## Work instruction
Without the pictures, reproduce the records that follow exactly.

---------- Recorded information

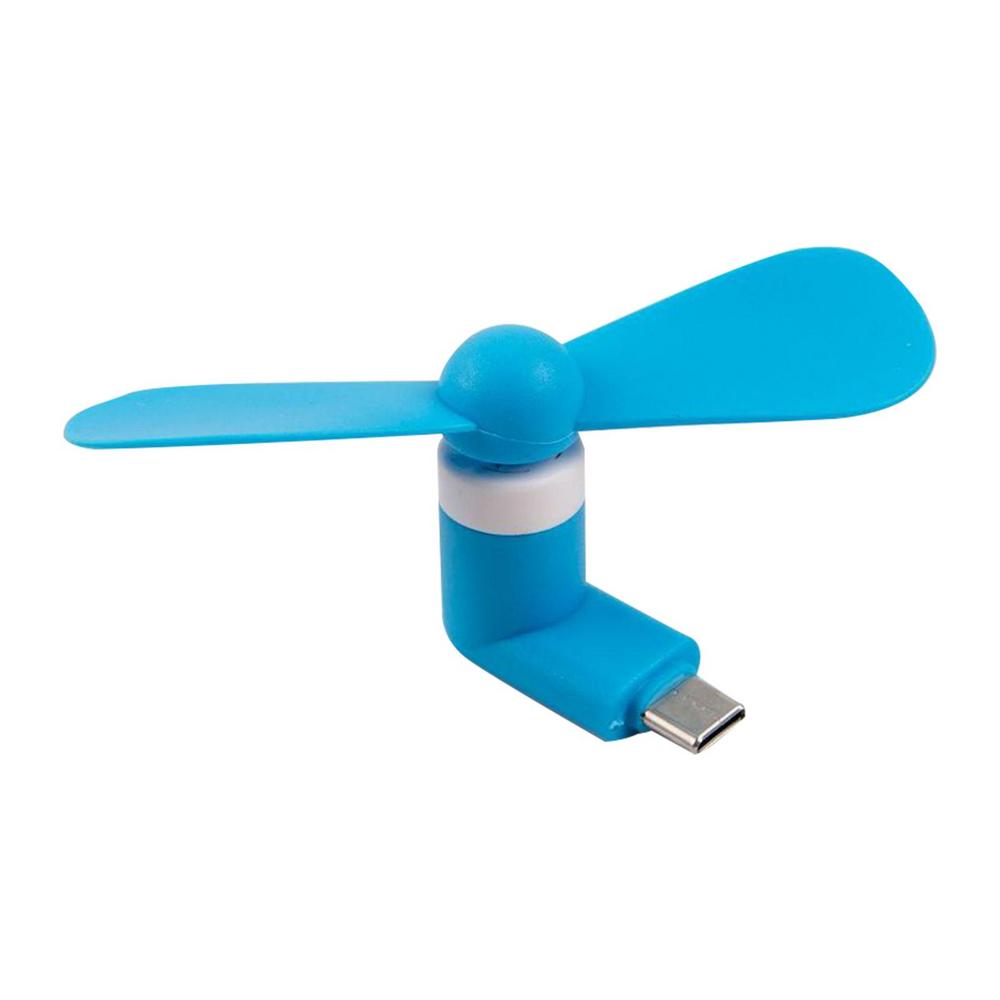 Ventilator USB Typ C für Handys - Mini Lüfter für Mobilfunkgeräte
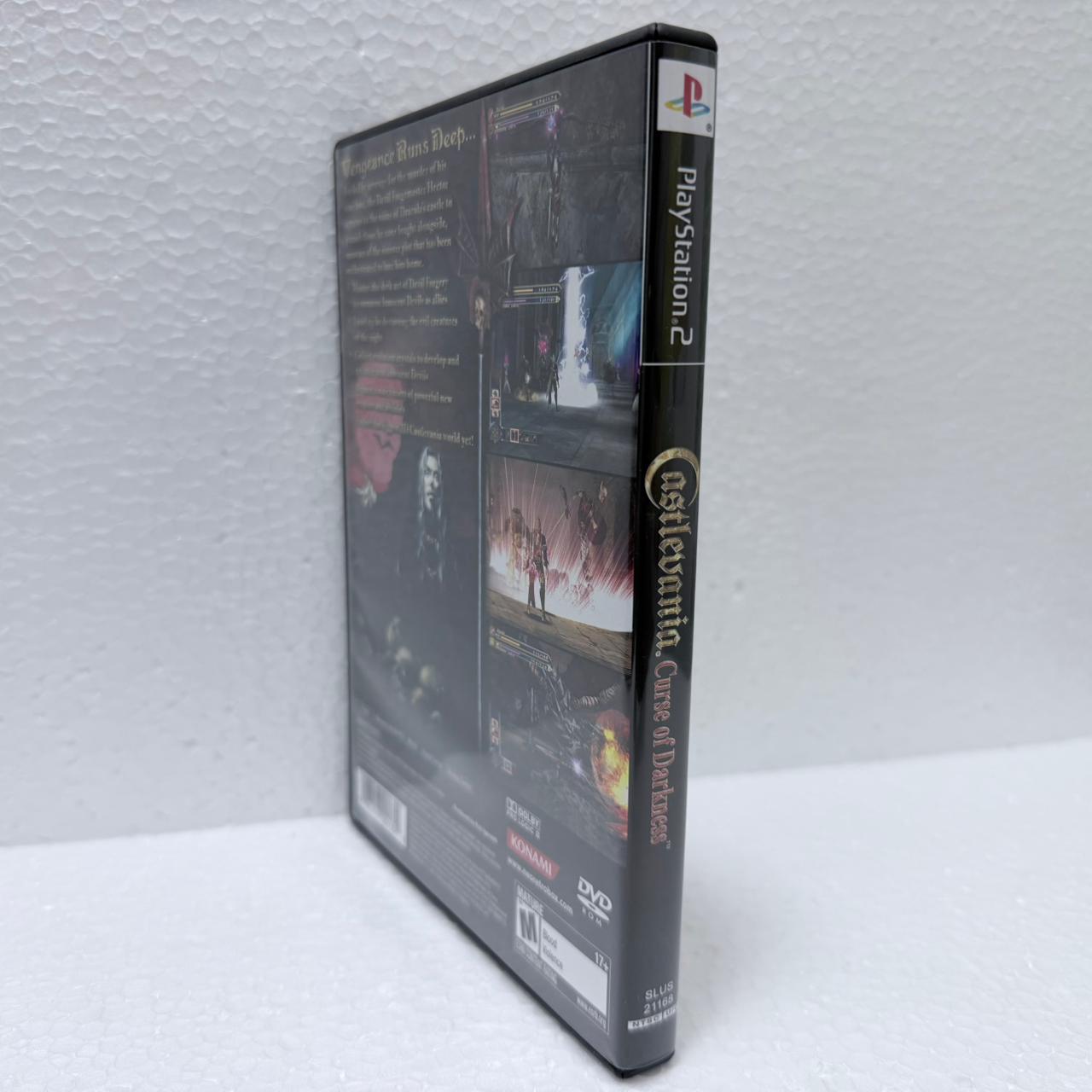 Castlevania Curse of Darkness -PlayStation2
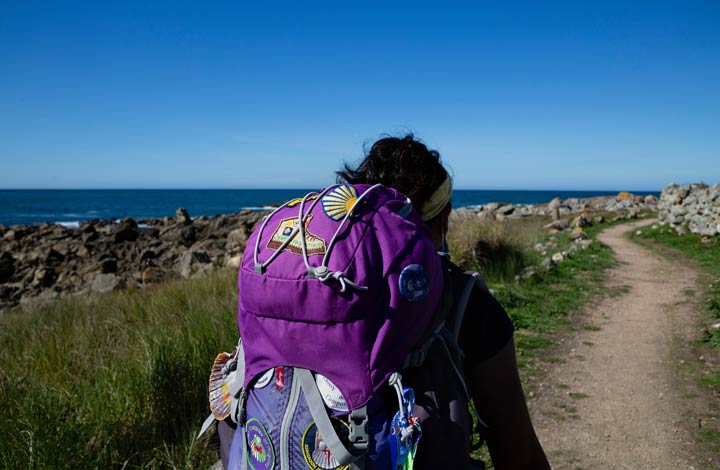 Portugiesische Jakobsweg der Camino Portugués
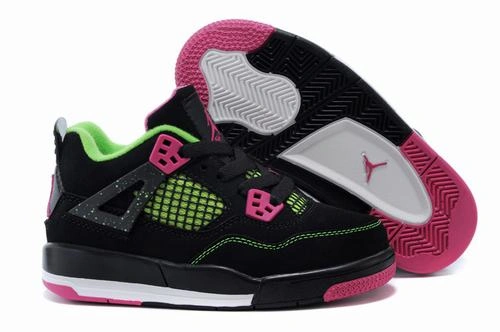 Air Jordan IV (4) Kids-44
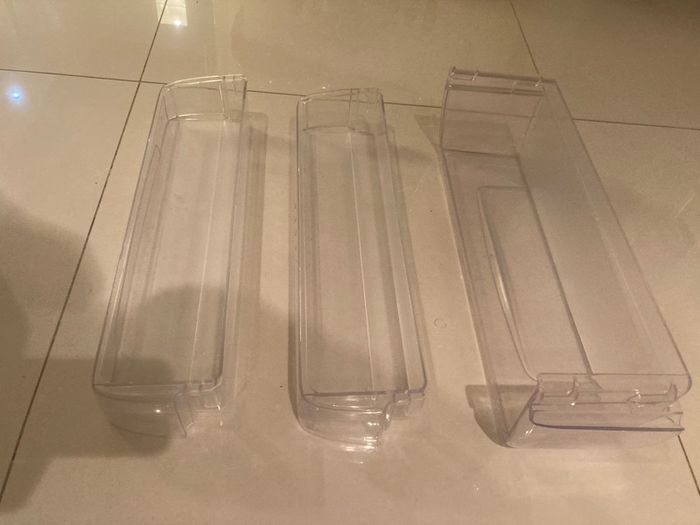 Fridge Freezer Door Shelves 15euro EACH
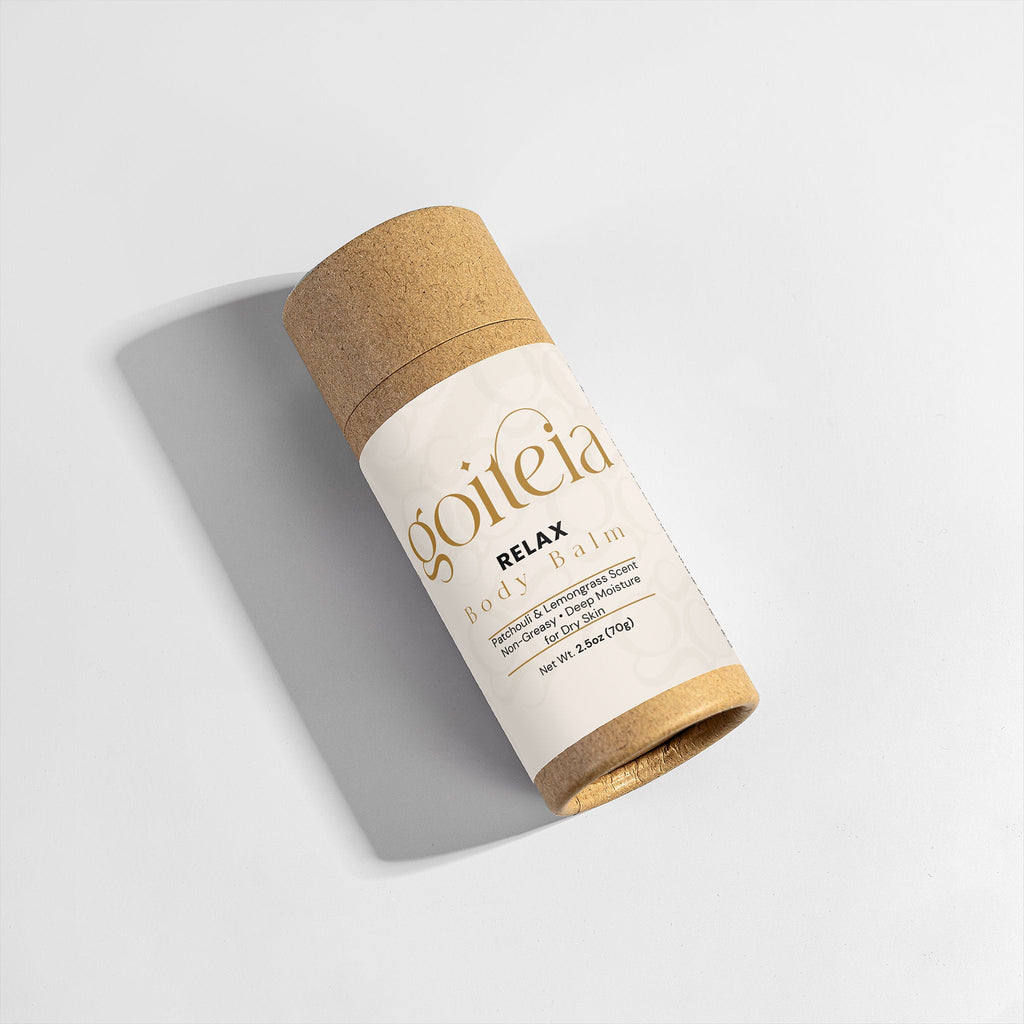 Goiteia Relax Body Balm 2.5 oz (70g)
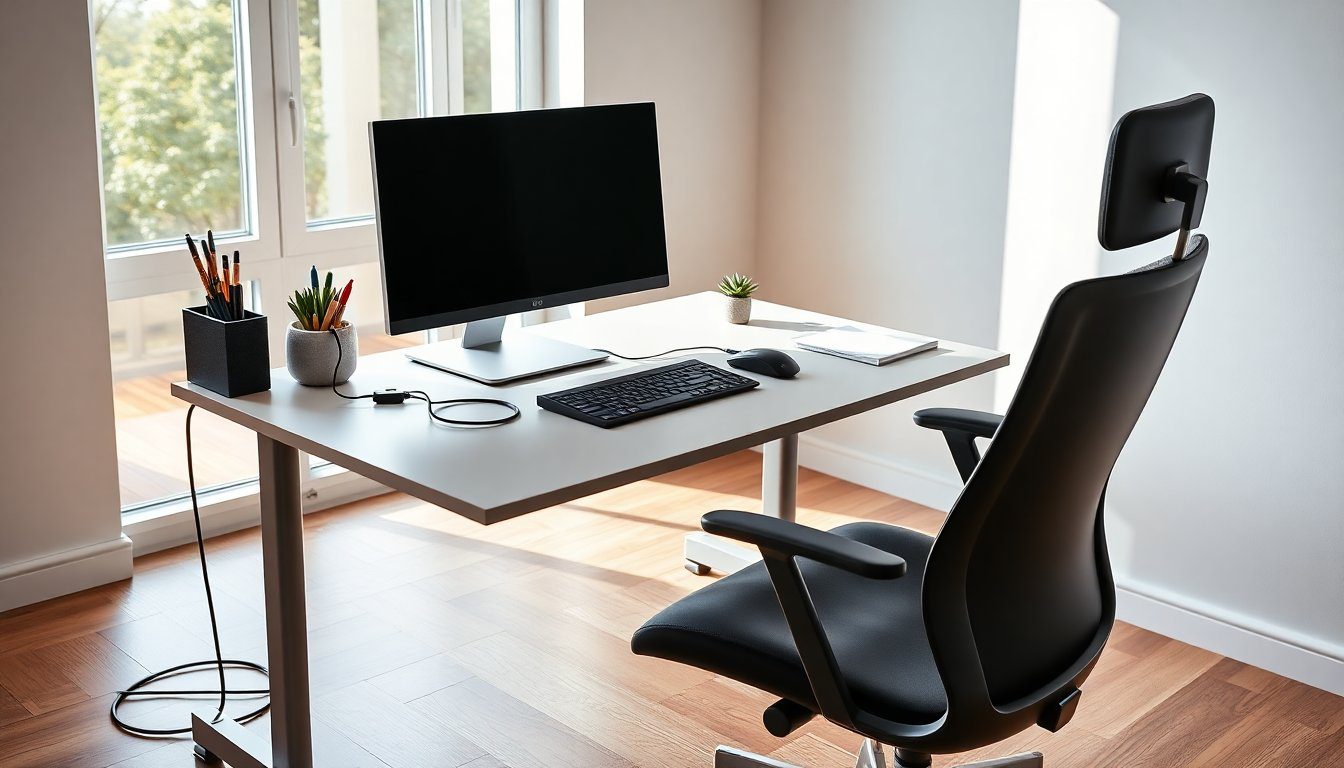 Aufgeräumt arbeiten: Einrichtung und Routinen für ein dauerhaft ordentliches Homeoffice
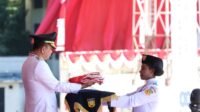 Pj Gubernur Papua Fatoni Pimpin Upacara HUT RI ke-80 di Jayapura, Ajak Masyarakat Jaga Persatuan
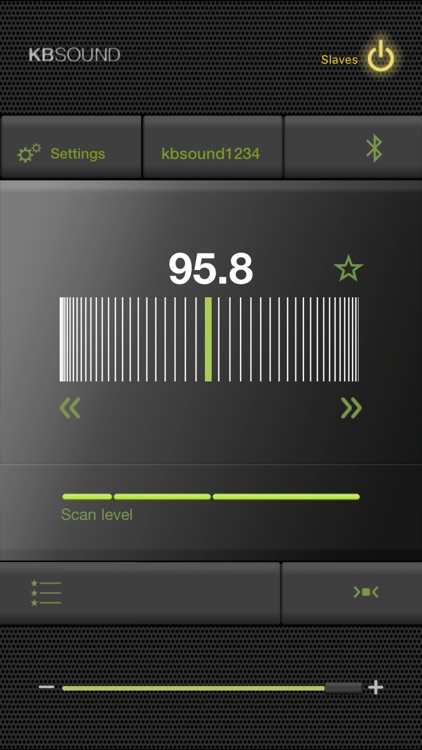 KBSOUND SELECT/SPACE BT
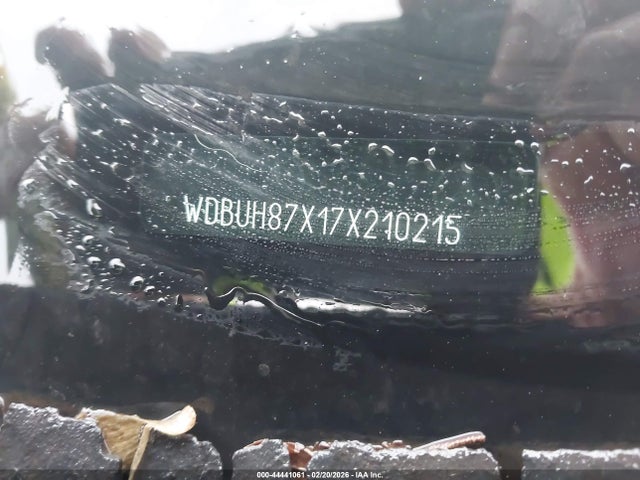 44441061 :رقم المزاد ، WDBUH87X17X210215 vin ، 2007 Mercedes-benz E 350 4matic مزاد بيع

--------------------

## Response to the task
 Ventilator USB Typ C für Handys - Mini Lüfter für Mobilfunkgeräte
 Castlevania Curse of Darkness -PlayStation2
 Portugiesische Jakobsweg der Camino Portugués
 Air Jordan IV (4) Kids-44
 Fridge Freezer Door Shelves 15euro EACH
 Goiteia Relax Body Balm 2.5 oz (70g)
 Aufgeräumt arbeiten: Einrichtung und Routinen für ein dauerhaft ordentliches Homeoffice
 Pj Gubernur Papua Fatoni Pimpin Upacara HUT RI ke-80 di Jayapura, Ajak Masyarakat Jaga Persatuan
 KBSOUND SELECT/SPACE BT
 44441061 :رقم المزاد ، WDBUH87X17X210215 vin ، 2007 Mercedes-benz E 350 4matic مزاد بيع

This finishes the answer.